The District Court, on the hearing on the motion for summary judgment, refused to permit the introduction of evidence by appellants, and sustained appellee's motion and entered a summary judgment against appellants.
An appeal to this Court been properly perfected from such District Court judgment.
Appellants brief three points, in substance: Their petition raised a genuine issue of fact and the trial court should have admitted evidence on: (1) the question of the allowance to the widow and (2) its payment from the proceeds from the sale of the homestead; (3) on the question of whether or not appellee sold property belonging to Joe Summers and refused to account for the proceeds; (4) on the question of whether Mary M. Butler permitted the administrator to use part of $1,000 proceeds of the life insurance policy, since, it she did, she was entitled to recover the balance of $355 after the funeral expenses and also $645 paid on funeral expenses. By the refusal to hear such evidence and consider same in connection with its passing on the motion, the court erred in entering summary judgment against appellants.
All points will be considered together.
The record shows that the District Court sustained the motion for summary judgment solely on the theory raised in the motion, which, omitting formal parts and prayer, read:
"The petitioners have not filed any petition herein which raises any justiciable issue, either of fact, or of law, wherein the court can grant them any relief. The said petition shows that the county court allowed the respondent a widow's allowance on the 10th day of October, 1950 and that the petitioners filed their petition in the county court on the 13th day of January, 1951; that according to the statutes of the State of Texas an appeal must be taken within fifteen days from any order of the county court sitting in probate; that this appeal was not filed within the required fifteen days nor during the term in which the order for the widow's allowance was granted, and, therefore, no appeal to the district court can be effected, this court not having jurisdiction of the controversy."
The District Court judgment decreed as follows:
"It is therefore ordered, adjudged and decreed by the Court that the motion for summary judgment filed herein by the respondent, Lena B. Summers, administratrix of the estate of J. A. Summers, deceased, be and the same is hereby in all things sustained, and this appeal is dismissed, and the clerk of the court is ordered to certify the same to the clerk of the County Court of Dallas County, Texas." (Italics is the writer's.)
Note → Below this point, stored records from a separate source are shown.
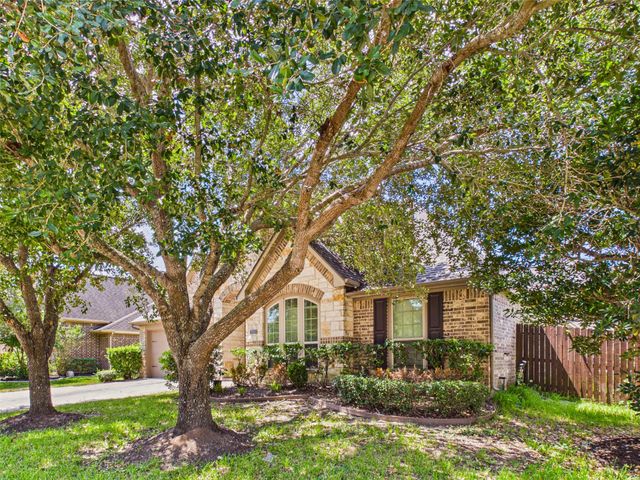 3392 Melony Hill Lane, Pearland, TX 77584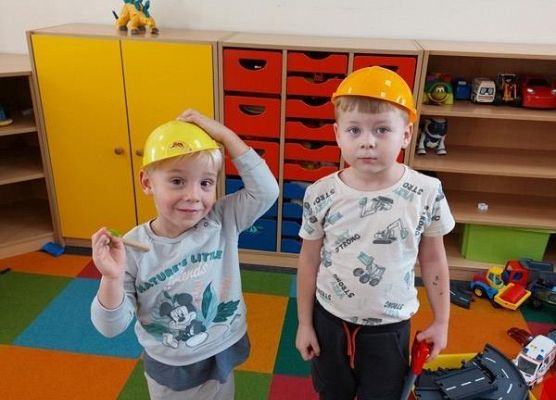 Grafika 3: ROZPOCZYNAMY NOWY ROK SZKOLNY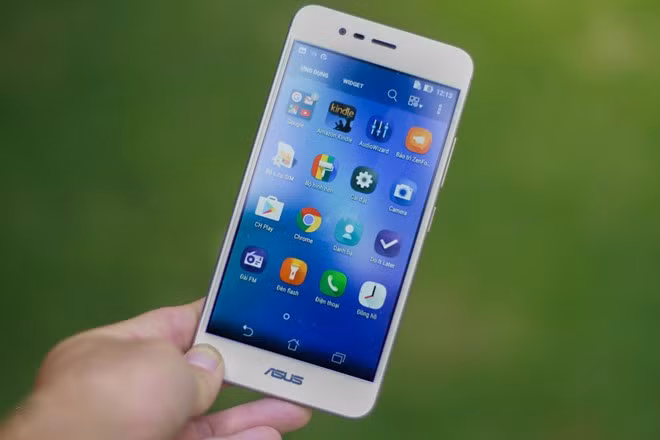  Asus Zenfone 3 Max (pin 4.100 mAh, giá 4,5 triệu đồng): So với Zenfone Max, bản 3 Max có ngoại hình bắt mắt hơn nhiều với vỏ kim loại, kiểu dáng thanh mảnh hơn. Tuy nhiên, cũng vì thế mà thời lượng pin của máy giảm xuống còn 4.100 mAh. Zenfone 3 Max cũng có tính năng sạc dự phòng, thời gian chờ một tháng và đàm thoại 20 tiếng liên tục. Thiết bị có cấu hình khá với cảm biến vân tay, RAM 3 GB, dung lượng 32 GB và hỗ trợ 4G LTE.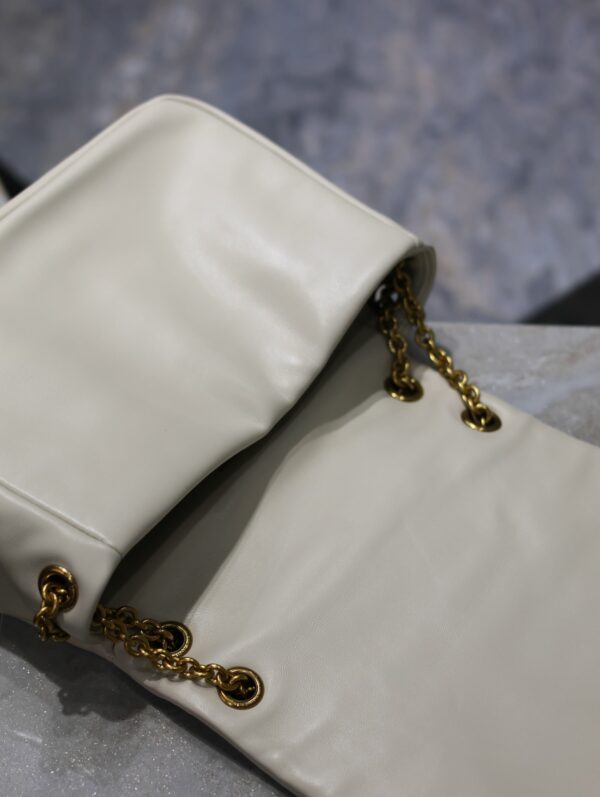 img_f8c0bdc9_20240126_i1706254284_5395_4_jpg JAMIE 4.3 SMALL BAG 25 IN WHITE LAMBSKIN GOLD HARDWARE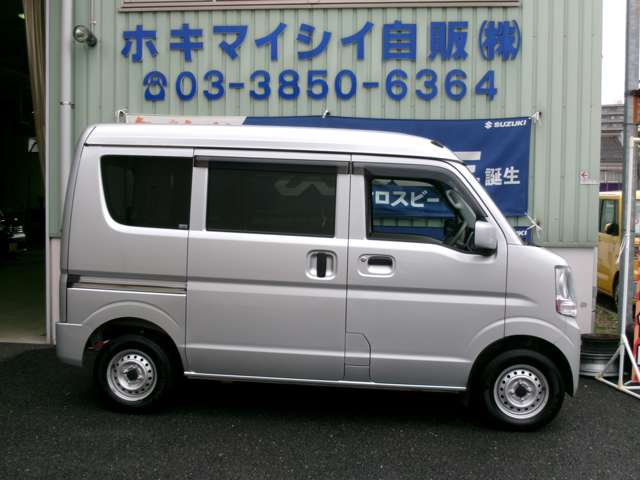 Nissan NV100 Clipper 3
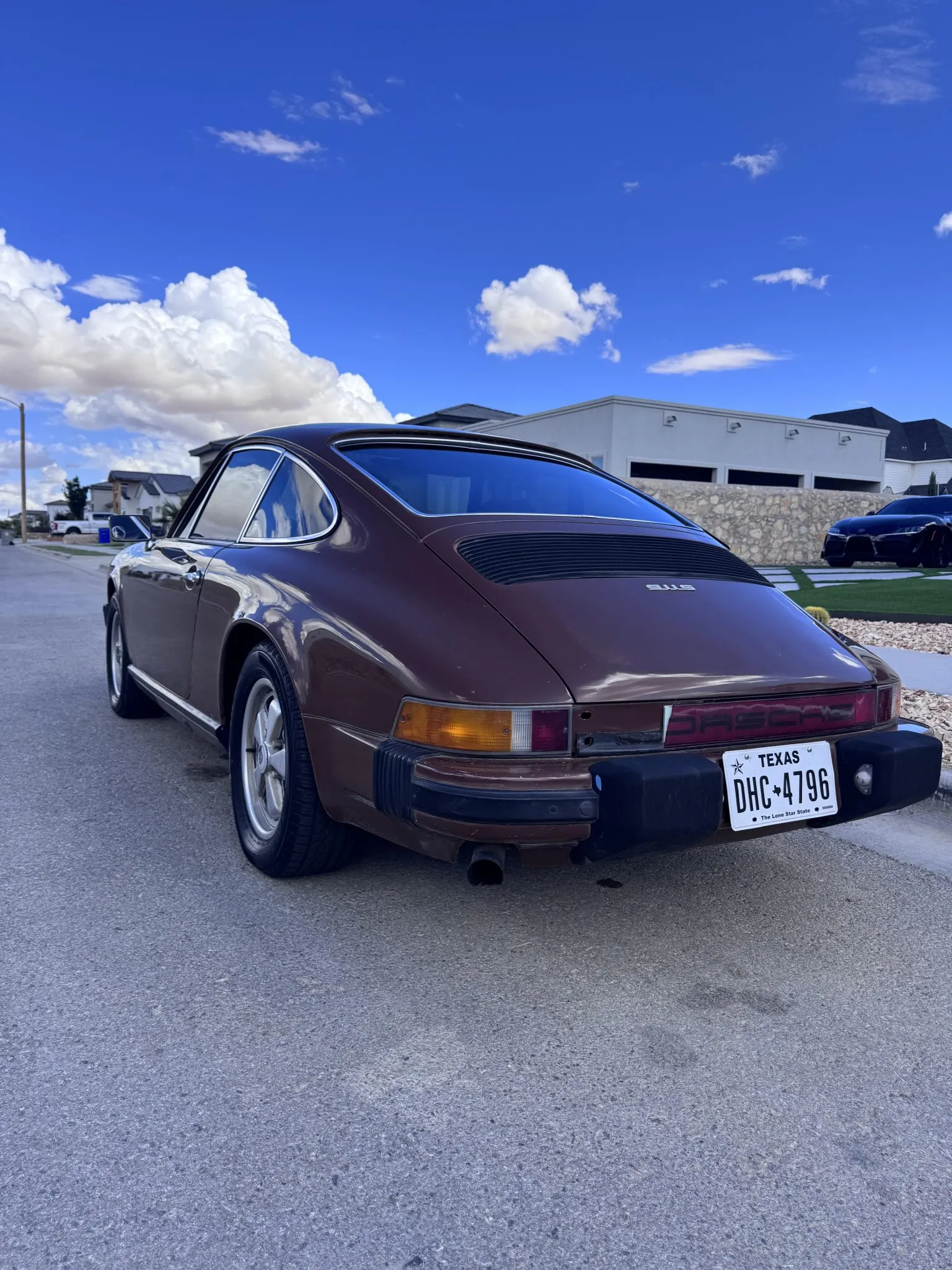 Load larger image of 1975 Porsche 911S Coupe - Stuttcars Classified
It is also clear to the writer that the District Court treated the petition filed in the Probate Court only as a collateral attack on the former judgment of the County Court setting and allowing the widow's allowance, and not as a bill in the nature of a Bill of Review as to such order and also as an original petition for relief other than, and in addition to, the setting aside of such order. *Page 233 The petition filed in the Probate Court not only sought to set aside the order on the widow's allowance under Arts. 3476-3477, V.A.C.S., but also sought other relief, to wit: (1) Recovery of the $1,000 due Mary M. Butler; (2) recovery of a one-half interest in the one-acre tract of land in the Wylie Survey in Dallas County, Texas, listed in the inventory and appraisement of the estate as community property, which in truth and in fact was the separate property of the deceased; (3) recovery of their one-half interest in the proceeds of the sale of the homestead; (4) also relief from other unauthorized acts of appellee alleged therein. It is the writer's opinion that such record stated a cause of action, and the court's refusal to hear the evidence to show prima facie their truth, and in summarily entering judgment dismissing the appeal to the District Court without such evidence, on the sole contention that the time for appeal from the order setting the widow's allowance had expired before the petition or bill in the nature of a Bill of Review was filed, was reversible error. Therefore such dismissal of the appeal should have been reversed here and the cause remanded to the District Court for a trial on the merits. I therefore respectfully dissent from the affirmance of the District Court judgment by the majority.
The record shows notice was posted at the courthouse door. No personal service on appellants.